Kearney has set targets to reduce Scope 1 and 2 emissions by 50% by 2030 and to reduce Scope 3 emissions by 30% in the same timeframe.
The company will also switch to 100% renewable energy across its offices by 2025 and continue to source 100% renewable electricity through to 2030 at least.
These targets will all build into a long-term effort to reduce value chain emissions by 90% in order to reach net-zero by 2050. For the remaining emissions, Kearny has stated it will invest in carbon removal projects that meet “stringent international certification standards”. These targets have been approved by the SBTi.
Kearney’s managing partner and chairman Alex Liu said: “To be the first management consultancy firm with approved Net-Zero science-based targets is an incredible achievement. As consultants, the biggest sustainability impact we can create is through helping our clients with the opportunities and challenges in the transition to a low-carbon future.
“We need to act fast, we need to act now, and we need to base our actions on science if we are to have any chance of meeting our necessary goals. With this milestone, we are living up to our vision to lead in sustainability, while continuing on our double-digit annual growth trajectory, and demonstrating global leadership for our industry to follow.”

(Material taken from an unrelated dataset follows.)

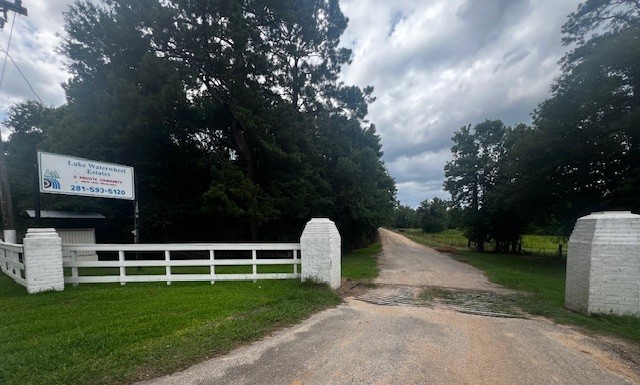 Tbd Tbd Francies Shepherd, TX 77371 - Photo 11 of 11 a front view of a house with garden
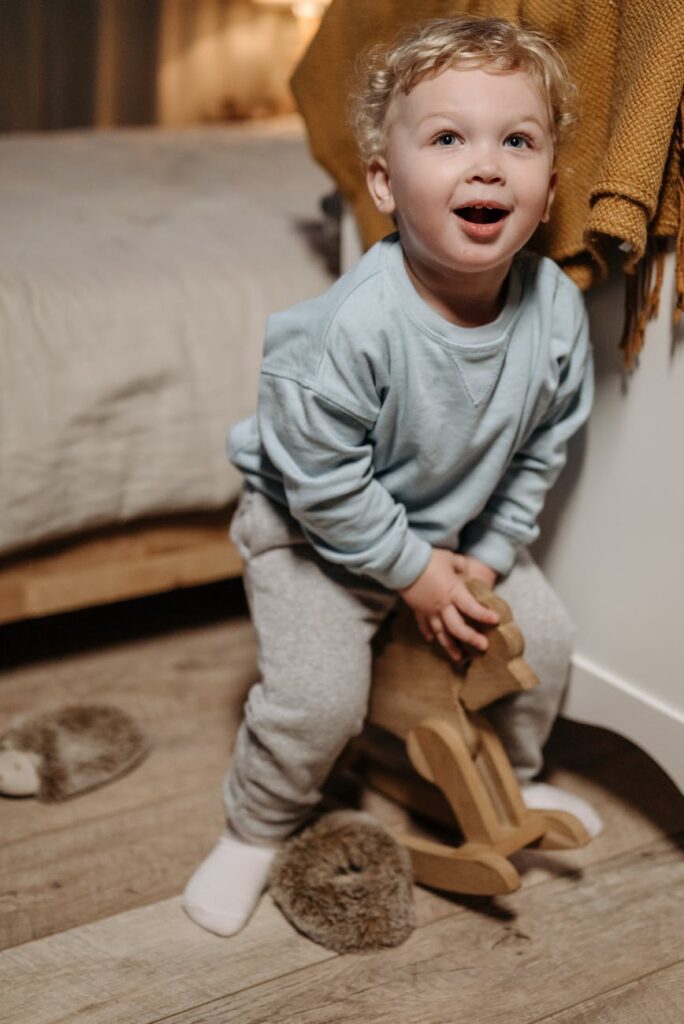 Child on tiny wooden horse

The pledges are aligned to the SBTi’s new Net-Zero standard and, as a consultant, Kearney will aim to provide learnings and advice when consulting clients on sustainability and net-zero targets. Kearney is actively working across its offices and supply chain partners in more than 40 countries.
The Science Based Targets initiative (SBTi) unveiled the world’s first standard for corporate net-zero emissions aligned to climate science back in October 2021.
The SBTi has clarified that science-based net-zero targets will require companies to achieve deep decarbonisation of 90-95% before 2050. From that point companies should neutralise unavoidable emissions through offsets and removals. Crucially, the SBTi states that carbon offsetting and removals cannot exceed 5-10% of a company’s emissions, although this is sector dependent.